А она действительно больше не хотела никаких браков и ценила независимость превыше всего. Уэллс понимал, что Мура ему изменяет, но писатель был уже старым и мудрым: осознавал, что ее не переделаешь: «Моя поджелудочная железа не такова, как ей положено быть. Вот и Мура тоже. И та и другая — мои неотъемлемые части, и с этим ничего не поделаешь».
Уэллс заботился о Муре даже после своей смерти: он оставил ей 100 000 долларов, и она прожила до 1974 года, не зная нужды. Несколько раз Мария приезжала в СССР. В старости бывшая «красная Мата Хари» выглядела европейской интеллектуалкой: очки, длинные юбки, тяжелые бусы. Она много пила, не пьянея, постоянно курила, ругалась матом на двух языках и была невероятно обаятельной.
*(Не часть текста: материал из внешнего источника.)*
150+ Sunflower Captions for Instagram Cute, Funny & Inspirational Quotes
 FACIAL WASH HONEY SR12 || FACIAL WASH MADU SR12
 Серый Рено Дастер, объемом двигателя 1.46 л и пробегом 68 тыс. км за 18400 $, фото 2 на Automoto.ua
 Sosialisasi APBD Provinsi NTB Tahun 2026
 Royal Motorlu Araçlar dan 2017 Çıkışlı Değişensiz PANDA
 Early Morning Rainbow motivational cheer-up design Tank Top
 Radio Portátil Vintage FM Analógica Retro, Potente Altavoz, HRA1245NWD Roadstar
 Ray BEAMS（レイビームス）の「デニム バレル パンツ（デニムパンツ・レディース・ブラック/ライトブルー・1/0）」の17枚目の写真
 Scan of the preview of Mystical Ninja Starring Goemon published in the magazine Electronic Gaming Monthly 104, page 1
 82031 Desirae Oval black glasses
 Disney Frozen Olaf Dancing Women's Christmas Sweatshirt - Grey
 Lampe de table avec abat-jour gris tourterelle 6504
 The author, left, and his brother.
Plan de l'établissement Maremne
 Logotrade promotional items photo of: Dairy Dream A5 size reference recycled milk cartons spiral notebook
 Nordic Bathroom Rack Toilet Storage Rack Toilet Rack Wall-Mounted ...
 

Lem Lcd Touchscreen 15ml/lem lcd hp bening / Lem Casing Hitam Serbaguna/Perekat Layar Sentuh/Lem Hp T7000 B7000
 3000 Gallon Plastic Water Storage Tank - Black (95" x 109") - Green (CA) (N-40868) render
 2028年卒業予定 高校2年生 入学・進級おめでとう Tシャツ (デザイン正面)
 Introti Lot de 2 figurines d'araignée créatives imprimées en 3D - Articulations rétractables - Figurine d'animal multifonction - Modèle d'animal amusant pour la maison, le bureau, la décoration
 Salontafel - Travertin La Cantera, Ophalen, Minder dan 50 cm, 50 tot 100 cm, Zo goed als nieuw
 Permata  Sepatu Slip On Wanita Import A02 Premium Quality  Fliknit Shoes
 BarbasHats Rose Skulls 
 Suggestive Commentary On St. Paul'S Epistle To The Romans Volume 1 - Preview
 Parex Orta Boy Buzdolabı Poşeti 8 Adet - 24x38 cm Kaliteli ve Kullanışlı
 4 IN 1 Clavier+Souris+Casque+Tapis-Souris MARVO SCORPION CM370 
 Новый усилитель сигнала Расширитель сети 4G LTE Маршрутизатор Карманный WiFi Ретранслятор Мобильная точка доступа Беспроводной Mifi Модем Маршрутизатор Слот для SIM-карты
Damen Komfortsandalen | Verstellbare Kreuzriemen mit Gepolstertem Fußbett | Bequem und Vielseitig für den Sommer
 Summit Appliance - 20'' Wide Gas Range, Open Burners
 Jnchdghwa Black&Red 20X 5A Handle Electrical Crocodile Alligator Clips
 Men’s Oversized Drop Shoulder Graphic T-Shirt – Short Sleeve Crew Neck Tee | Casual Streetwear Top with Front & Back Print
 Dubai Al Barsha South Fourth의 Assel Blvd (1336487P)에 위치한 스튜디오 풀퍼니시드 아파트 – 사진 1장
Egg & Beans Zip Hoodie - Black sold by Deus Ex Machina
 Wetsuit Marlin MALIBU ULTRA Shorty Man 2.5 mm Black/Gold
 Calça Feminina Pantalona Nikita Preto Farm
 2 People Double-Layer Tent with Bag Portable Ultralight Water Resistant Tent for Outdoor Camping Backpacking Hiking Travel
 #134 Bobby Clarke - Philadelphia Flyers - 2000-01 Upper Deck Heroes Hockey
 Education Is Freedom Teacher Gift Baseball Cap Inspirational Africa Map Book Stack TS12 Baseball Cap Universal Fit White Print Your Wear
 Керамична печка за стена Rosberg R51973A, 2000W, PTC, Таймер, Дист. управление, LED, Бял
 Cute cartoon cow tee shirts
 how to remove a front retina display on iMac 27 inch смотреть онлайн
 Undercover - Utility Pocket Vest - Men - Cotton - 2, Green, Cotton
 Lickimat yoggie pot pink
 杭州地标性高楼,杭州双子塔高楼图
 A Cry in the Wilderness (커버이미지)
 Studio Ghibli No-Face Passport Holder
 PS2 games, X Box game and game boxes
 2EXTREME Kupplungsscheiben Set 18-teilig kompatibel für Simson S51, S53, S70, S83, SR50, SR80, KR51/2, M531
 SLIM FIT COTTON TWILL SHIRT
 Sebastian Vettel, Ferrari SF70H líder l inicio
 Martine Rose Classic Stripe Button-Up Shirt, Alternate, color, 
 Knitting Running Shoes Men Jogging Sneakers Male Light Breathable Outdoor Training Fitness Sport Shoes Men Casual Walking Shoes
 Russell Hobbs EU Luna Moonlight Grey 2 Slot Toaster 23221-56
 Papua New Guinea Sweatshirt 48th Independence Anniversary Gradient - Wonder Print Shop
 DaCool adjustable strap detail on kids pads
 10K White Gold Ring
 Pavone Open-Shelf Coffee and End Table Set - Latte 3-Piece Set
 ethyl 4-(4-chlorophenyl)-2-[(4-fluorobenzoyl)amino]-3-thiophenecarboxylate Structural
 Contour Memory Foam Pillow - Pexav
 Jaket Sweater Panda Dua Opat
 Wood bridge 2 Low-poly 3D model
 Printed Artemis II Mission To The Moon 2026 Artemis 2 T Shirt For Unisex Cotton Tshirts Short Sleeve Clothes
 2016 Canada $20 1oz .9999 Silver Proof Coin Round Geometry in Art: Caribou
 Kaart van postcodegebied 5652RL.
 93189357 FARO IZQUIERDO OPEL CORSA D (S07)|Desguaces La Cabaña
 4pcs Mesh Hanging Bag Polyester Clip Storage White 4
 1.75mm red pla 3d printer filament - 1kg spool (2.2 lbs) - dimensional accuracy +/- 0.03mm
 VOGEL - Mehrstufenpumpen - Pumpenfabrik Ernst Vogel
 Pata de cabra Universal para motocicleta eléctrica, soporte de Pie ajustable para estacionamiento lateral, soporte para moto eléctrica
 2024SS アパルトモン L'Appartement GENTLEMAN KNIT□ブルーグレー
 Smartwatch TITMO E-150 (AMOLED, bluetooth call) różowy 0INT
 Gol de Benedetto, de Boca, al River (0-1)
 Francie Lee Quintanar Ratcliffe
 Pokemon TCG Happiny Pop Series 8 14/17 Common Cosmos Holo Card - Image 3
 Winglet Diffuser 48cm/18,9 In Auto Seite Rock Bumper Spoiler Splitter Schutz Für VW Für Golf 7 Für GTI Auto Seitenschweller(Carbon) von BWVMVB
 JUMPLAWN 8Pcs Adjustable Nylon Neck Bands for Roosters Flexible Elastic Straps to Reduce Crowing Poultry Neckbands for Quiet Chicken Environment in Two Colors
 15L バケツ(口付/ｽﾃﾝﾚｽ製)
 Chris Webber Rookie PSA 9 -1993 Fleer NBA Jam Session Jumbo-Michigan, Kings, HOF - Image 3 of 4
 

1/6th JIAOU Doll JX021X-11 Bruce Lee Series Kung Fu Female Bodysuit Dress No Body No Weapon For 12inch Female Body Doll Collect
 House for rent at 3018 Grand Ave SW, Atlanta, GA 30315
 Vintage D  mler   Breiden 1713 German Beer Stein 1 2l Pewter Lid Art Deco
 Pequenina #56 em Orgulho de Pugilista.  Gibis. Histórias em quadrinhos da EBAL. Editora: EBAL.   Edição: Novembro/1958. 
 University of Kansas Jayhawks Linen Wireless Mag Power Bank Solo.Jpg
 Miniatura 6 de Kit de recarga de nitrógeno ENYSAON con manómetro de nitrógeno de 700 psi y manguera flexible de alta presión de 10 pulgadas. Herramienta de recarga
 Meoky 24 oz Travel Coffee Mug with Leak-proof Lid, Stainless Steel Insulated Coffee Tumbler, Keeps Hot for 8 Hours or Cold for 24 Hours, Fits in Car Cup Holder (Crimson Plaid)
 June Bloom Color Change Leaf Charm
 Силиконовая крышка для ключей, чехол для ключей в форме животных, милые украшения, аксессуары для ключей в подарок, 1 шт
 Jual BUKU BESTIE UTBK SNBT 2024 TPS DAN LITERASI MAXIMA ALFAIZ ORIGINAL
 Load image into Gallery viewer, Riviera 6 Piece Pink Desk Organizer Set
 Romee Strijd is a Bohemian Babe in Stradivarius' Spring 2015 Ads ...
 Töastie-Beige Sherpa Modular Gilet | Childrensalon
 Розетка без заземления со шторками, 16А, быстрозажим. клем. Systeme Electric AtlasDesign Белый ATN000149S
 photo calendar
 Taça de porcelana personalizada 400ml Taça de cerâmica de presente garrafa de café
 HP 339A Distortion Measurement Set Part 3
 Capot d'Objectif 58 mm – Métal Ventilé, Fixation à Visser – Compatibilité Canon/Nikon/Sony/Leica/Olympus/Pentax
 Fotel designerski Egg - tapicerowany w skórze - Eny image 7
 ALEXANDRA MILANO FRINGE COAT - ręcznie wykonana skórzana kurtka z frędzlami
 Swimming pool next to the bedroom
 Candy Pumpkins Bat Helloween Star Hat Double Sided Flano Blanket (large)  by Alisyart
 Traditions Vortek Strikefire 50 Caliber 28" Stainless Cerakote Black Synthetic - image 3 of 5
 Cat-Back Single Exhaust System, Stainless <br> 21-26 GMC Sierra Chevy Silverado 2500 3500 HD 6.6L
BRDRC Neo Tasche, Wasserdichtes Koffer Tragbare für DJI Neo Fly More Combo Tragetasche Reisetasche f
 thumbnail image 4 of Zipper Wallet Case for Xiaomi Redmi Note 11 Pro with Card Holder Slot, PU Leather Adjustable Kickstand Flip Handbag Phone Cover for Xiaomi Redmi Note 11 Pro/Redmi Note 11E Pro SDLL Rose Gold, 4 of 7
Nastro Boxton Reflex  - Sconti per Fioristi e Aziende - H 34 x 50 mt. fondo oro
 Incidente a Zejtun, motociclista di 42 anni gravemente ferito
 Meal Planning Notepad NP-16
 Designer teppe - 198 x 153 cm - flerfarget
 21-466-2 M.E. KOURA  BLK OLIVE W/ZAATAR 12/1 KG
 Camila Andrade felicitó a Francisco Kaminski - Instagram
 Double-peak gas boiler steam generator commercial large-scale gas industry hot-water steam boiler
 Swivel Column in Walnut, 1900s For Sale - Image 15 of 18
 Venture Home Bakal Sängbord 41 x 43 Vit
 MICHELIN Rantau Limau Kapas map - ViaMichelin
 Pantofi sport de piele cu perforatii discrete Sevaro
Когда Мура умерла, в «Таймс» вышел некролог: «Она могла перепить любого матроса, среди ее гостей были и кинозвезды, и литературные знаменитости, но бывали и скучнейшие ничтожества. Она была одинаково добра ко всем... Ее близким друзьям никто и никогда не сможет заменить ее».
Уже в последний год ее жизни какой-то журналист спросил Муру о Горьком: значил ли он для нее так же много, как она для него. «Горький был... как крепость», — загадочно ответила она. И добавила, что встреча с пролетарским писателем повернула течение ее жизни.